Exploring the thermodynamic and kinetic landscape of amyloid fibril formation

The purpose of the work that forms the basis of this thesis has been to investigate fundamental properties of amyloid β and tau self-assembly and their solubility. The results of this research are presented as five research articles. In Paper I, a solubility assay for determining the solubility of amyloid proteins is developed and its use demonstrated for the Aβ40 peptide.
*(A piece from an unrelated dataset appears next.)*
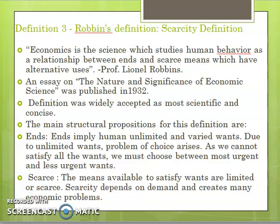These two structural propositions are very important to note: first, ends — unlimited human wants; second, scarce means.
Paper II finds that tau truncated of its flexible regions adjacent to the amyloid core, (tau 304-380C322S) spontaneously forms fibrils without the use of external inducers and that the proliferation of fibrils occurs through secondary
nucleation. Next, in Paper III, the methodology developed in Paper I is applied to the fragment of tau from Paper II, and its solubility is established. Paper IV explores how fluid shear forces influences the microscopic steps of fibril formation and find that primary and secondary nucleation is increased by mild shear, while elongation and fragmentation is unaffected for Aβ42. The increase in secondary nucleation, in turn increases the oligomer population. Paper V explores one of the body’s own defense mechanisms against protein misfolding, the molecular chaperone DNAJB6b, and how its assembly state affects the potency of Aβ42 aggregation inhibition.

Collectivly, this work provides new insights and avenues for continued research that hopefully one day may help improve the prospects and quality of life for the individuals suffering from AD.